I'm sorry, but there seems to be some confusion in your question. The cell you've described is a silver-tin cell, but the reference electrode potentials you've provided are for silver chloride and mercury chloride. Could you please provide the standard reduction potentials for silver and tin?

In general, the cell potential (E) can be calculated using the Nernst equation:

E = E° - (RT/nF) * ln(Q)

where: E° is the standard cell potential, R is the gas constant, T is the temperature in Kelvin, n is the number of moles of electrons transferred in the redox reaction, F is the Faraday constant, and Q is the reaction quotient.

The standard cell potential (E°) can be calculated from the standard reduction potentials of the two half-reactions. The reaction quotient (Q) can be calculated from the concentrations of the species in the cell.

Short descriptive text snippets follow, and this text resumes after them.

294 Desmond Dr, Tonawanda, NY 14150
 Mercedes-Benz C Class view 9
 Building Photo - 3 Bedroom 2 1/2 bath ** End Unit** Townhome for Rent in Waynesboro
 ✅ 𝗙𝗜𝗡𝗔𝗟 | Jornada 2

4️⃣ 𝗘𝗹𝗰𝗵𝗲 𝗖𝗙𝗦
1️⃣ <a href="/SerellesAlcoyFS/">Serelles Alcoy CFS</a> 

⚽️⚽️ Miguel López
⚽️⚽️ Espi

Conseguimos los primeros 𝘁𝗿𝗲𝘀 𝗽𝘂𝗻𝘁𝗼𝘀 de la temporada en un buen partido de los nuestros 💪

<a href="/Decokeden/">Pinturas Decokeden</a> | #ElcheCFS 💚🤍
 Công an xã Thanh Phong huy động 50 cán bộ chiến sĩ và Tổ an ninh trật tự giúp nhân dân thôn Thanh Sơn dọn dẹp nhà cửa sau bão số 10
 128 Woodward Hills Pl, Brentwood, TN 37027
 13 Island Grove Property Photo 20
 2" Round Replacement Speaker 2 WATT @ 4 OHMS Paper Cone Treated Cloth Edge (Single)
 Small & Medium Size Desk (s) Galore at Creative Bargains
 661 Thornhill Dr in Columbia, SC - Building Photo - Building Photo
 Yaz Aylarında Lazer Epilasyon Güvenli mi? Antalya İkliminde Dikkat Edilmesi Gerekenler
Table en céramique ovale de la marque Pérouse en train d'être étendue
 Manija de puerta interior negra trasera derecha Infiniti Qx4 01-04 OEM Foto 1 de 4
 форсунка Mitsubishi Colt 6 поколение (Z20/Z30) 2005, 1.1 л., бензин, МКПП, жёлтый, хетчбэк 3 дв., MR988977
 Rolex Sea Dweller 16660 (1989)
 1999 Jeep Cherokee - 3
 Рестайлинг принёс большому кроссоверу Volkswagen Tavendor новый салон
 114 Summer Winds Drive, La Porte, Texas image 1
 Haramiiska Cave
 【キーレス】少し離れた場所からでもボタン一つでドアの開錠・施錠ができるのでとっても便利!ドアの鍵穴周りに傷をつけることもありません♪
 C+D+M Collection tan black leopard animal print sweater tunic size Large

Once you have these values, you can substitute them into the Nernst equation to calculate the cell potential.

I'm sorry, but the question seems to be incomplete. The cell notation provided does not match the half-reactions given in the reference electrode potentials. Could you please provide the correct half-reactions for the cell notation given? This will help in calculating the cell potential (E) using the Nernst equation.